Swaths of farmland, now gone to seed, have become prime real estate for foraging varmints. According to Yomiuri, a local newspaper, boars have caused more than $854,000 in agricultural damage in Fukushima prefecture.
Local authorities in the affected towns have hired teams of hunters to shoot the boars with air rifles, or trap them in cages using rice flour as bait.
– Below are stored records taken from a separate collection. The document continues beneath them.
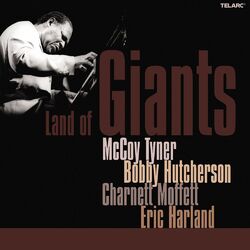 Cover of Land Of Giants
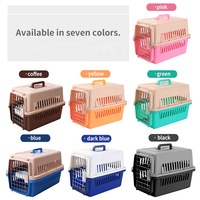 Baotaobui — litière portable en plastique, bac à litière portable, grand espace, nettoyage des chats, à l'intérieur, bac à litière, meilleur prix, 2021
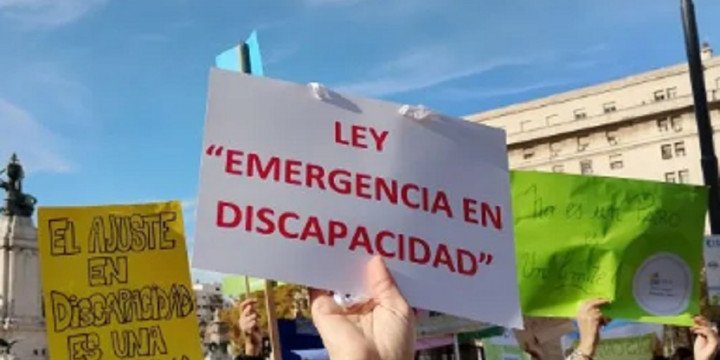 Discapacidad: Justicia intimó al Gobierno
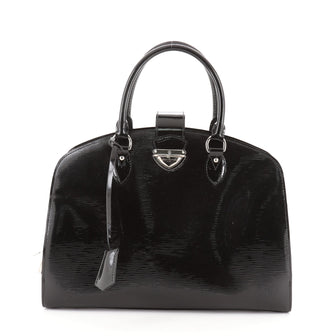 Louis Vuitton Pont Neuf Handbag Electric Epi Leather GM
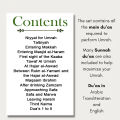 Umrah Duas Pocket Cards 20 Dua Cards Digital print Umrah Guide, Umrah Book, Duas for Umrah, Umrah Flashcards. 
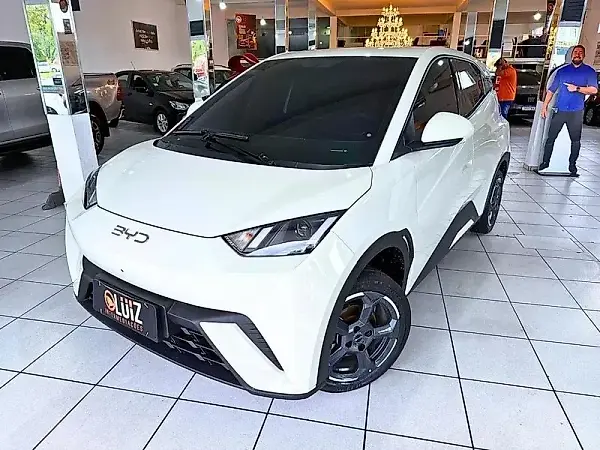 BYD Dolphin Mini - Imagem 1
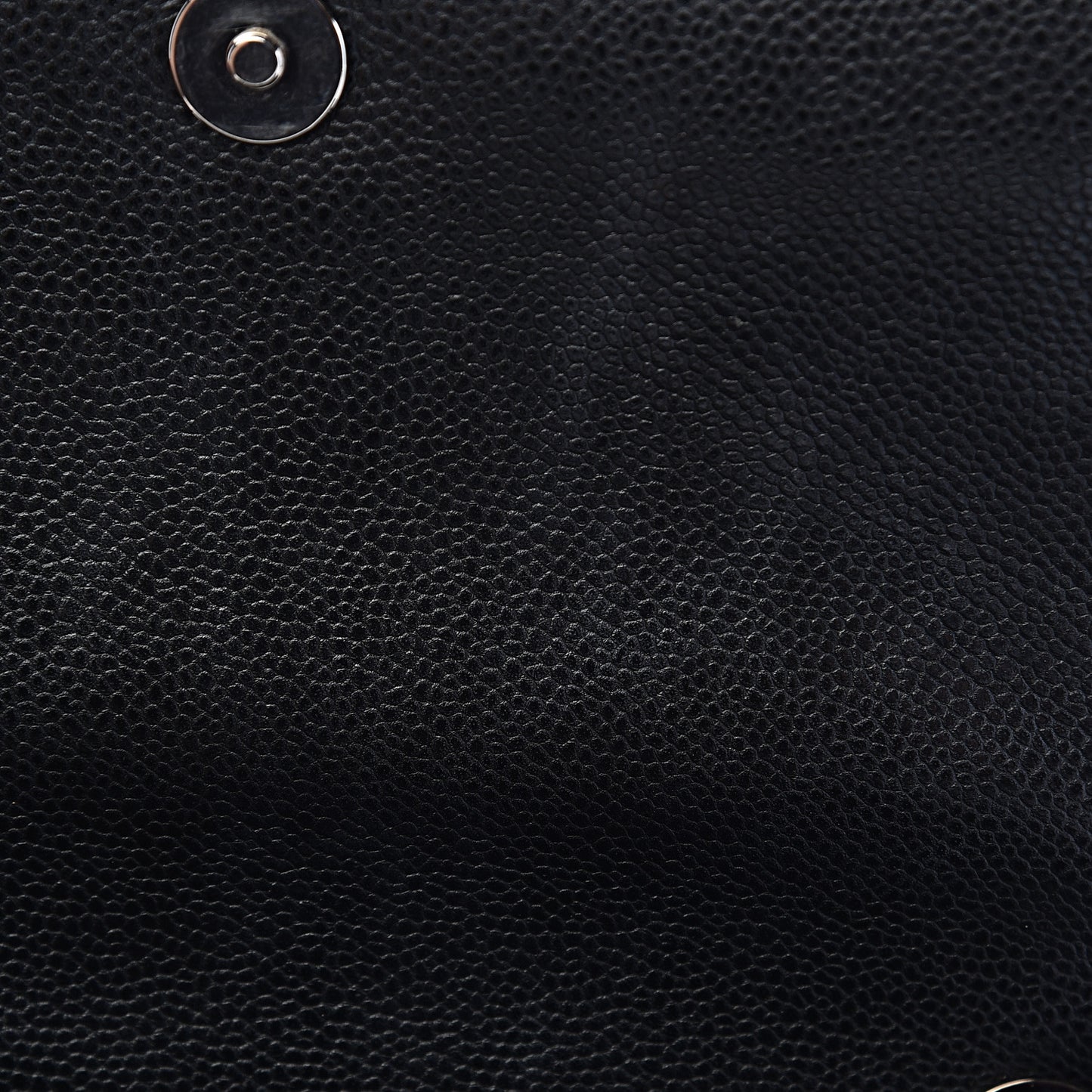 Caviar Medium Timeless CC Flap Black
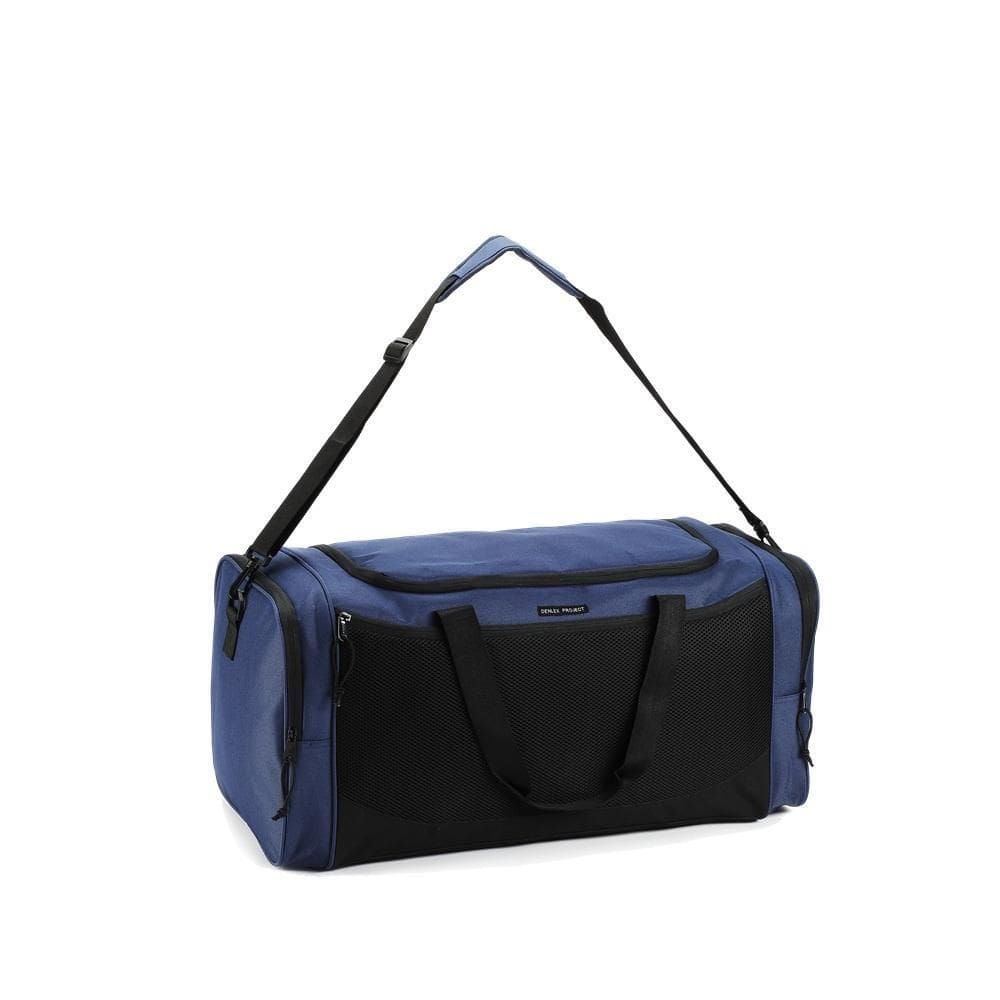 Bolsa De Viagem Mala Média Sacola De Mão E Tiracolo Denlex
“After people left, they began coming down from the mountains and now they are not going back,” Shoichiro Sakamoto, who leads a group of 13 hunters in the town of Tomioka, told Reuters. “They found a place that was comfortable. There was plenty of food and no one to come after them.”
A recent government survey found than half the 21,500 former residents of the town of Namie, one of the towns included in the proposed evacuation-order lift, have decided against returning, citing fears over the safety of the nuclear plant, which will take decades to dismantle.
Several have also raised concerns about the bands of marauding boars.
“I’m sure officials at all levels are giving some thought to this,” said Hidezo Sato, a former seed merchant in Namie. “Something must be done.”